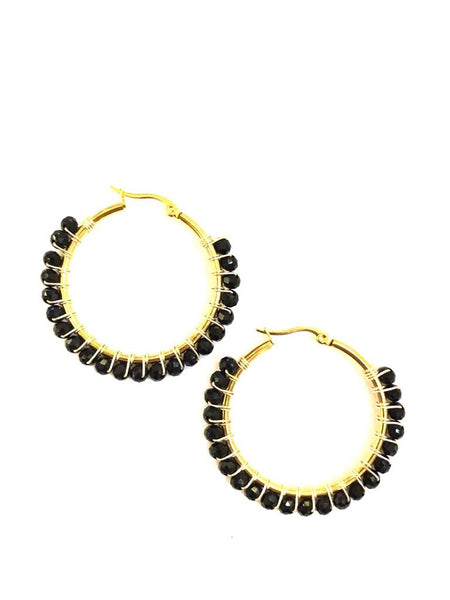 HC DESIGNS - Medium Golden Beaded Round Hoops - 1 1/2 Inch (More colors available)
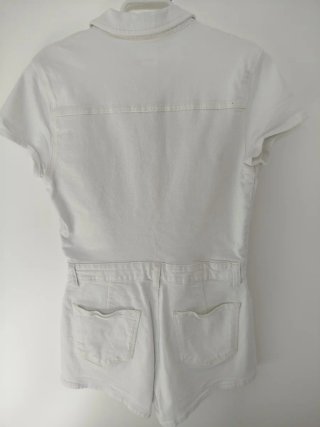 Mono vaquero blanco Bershka mujer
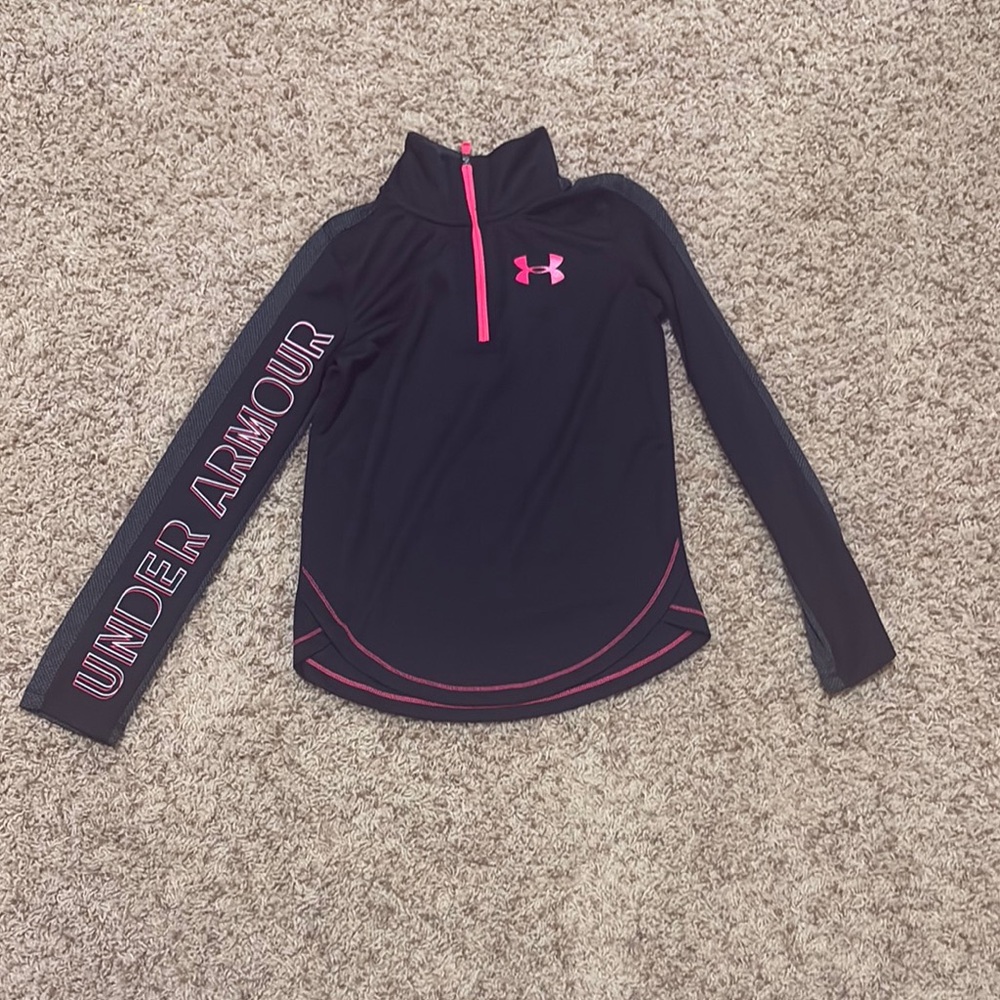 Under Armour Black and Pink Pullover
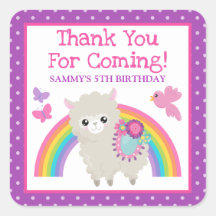 Floral Spring Llama & Rainbow Birthday
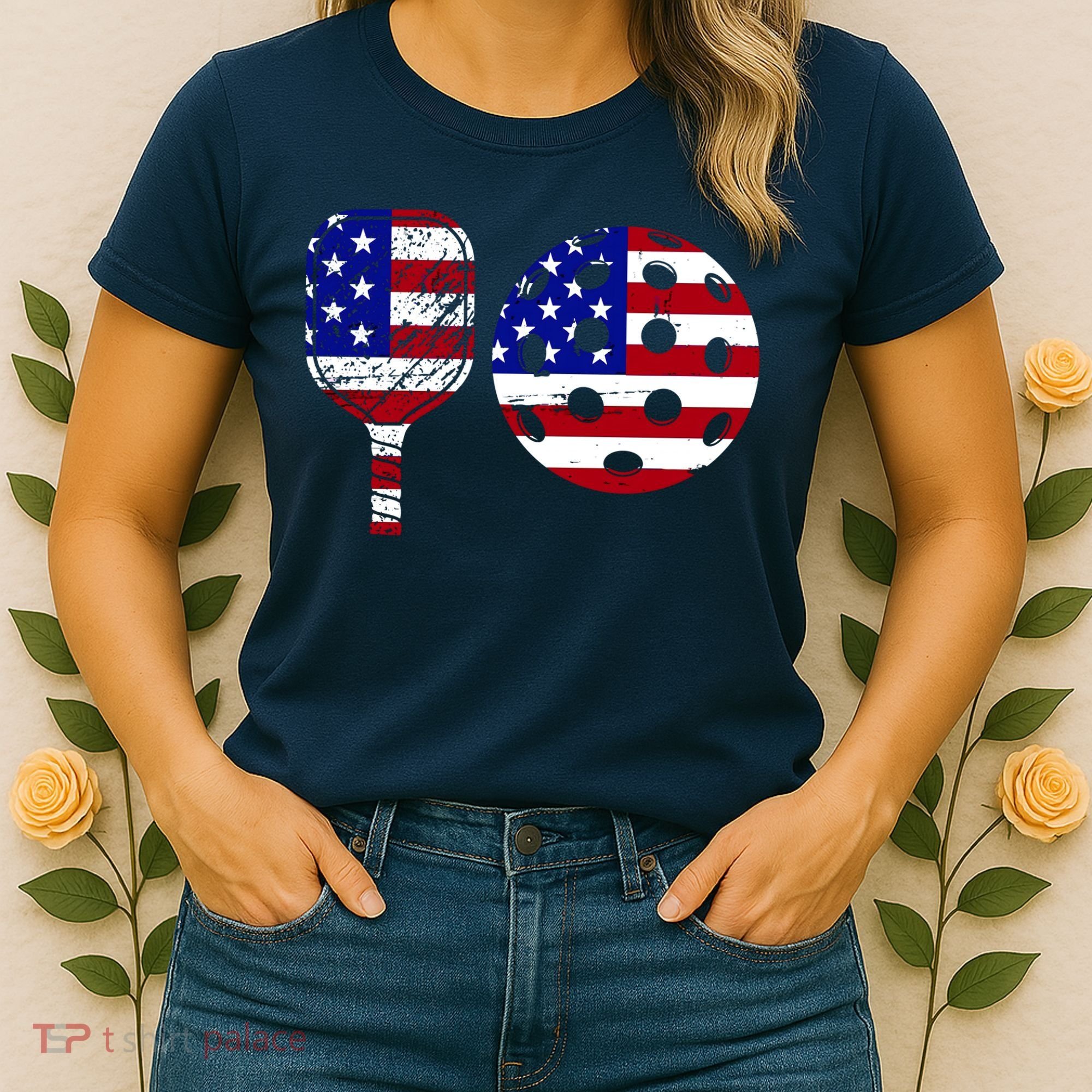 American Pickleball Paddle And Ball Women's T-Shirt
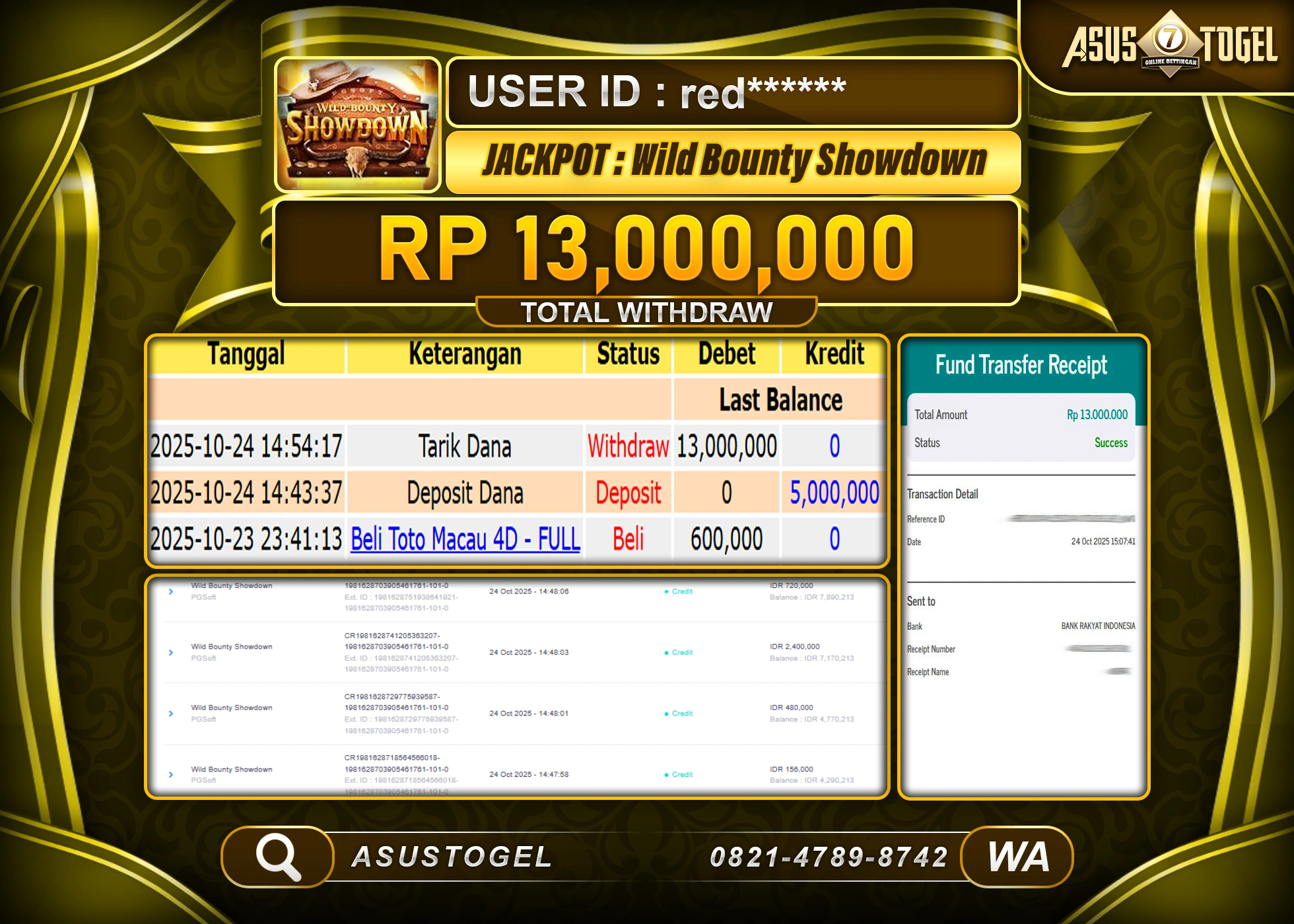 ASUSTOGEL KEMENANGAN DI SLOT WILD BOUNTY SHOWDOWN SEBESAR 13,000,000- RUPIAH LUNAS !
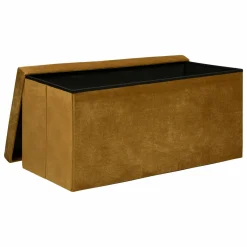 ATMOSPHERA Pouf de rangement double Lilou Jaune moutarde Best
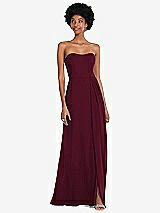 Front View Thumbnail - Cabernet Strapless Sweetheart Maxi Dress with Pleated Front Slit 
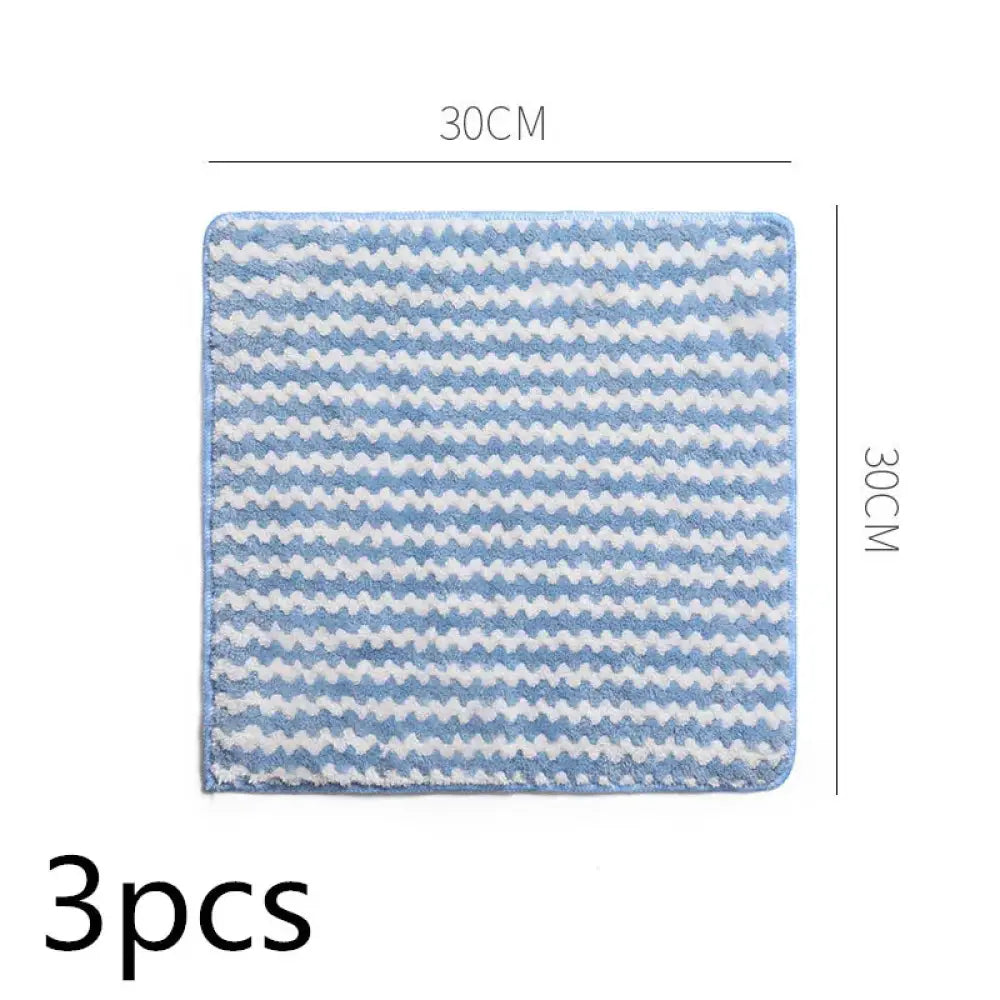 Super absorbent striped coral fleece kitchen cleaning cloth 30cm blue and white zigzag microfiber pattern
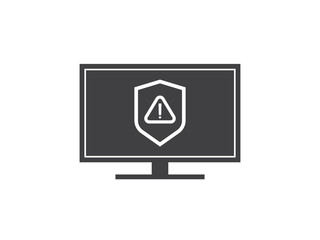 attention warning alert sign with exclamation mark symbol. shield line icon for Internet VPN Security protection Concept vector illustration.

——

[Task goal]
Transcribe all of the data above exactly; no picture belongs in the copy.

[Response below]
 HC DESIGNS - Medium Golden Beaded Round Hoops - 1 1/2 Inch (More colors available)
 Mono vaquero blanco Bershka mujer
 Under Armour Black and Pink Pullover
 Floral Spring Llama & Rainbow Birthday
 American Pickleball Paddle And Ball Women's T-Shirt
 ASUSTOGEL KEMENANGAN DI SLOT WILD BOUNTY SHOWDOWN SEBESAR 13,000,000- RUPIAH LUNAS !
 ATMOSPHERA Pouf de rangement double Lilou Jaune moutarde Best
 Front View Thumbnail - Cabernet Strapless Sweetheart Maxi Dress with Pleated Front Slit 
 Super absorbent striped coral fleece kitchen cleaning cloth 30cm blue and white zigzag microfiber pattern
 attention warning alert sign with exclamation mark symbol. shield line icon for Internet VPN Security protection Concept vector illustration.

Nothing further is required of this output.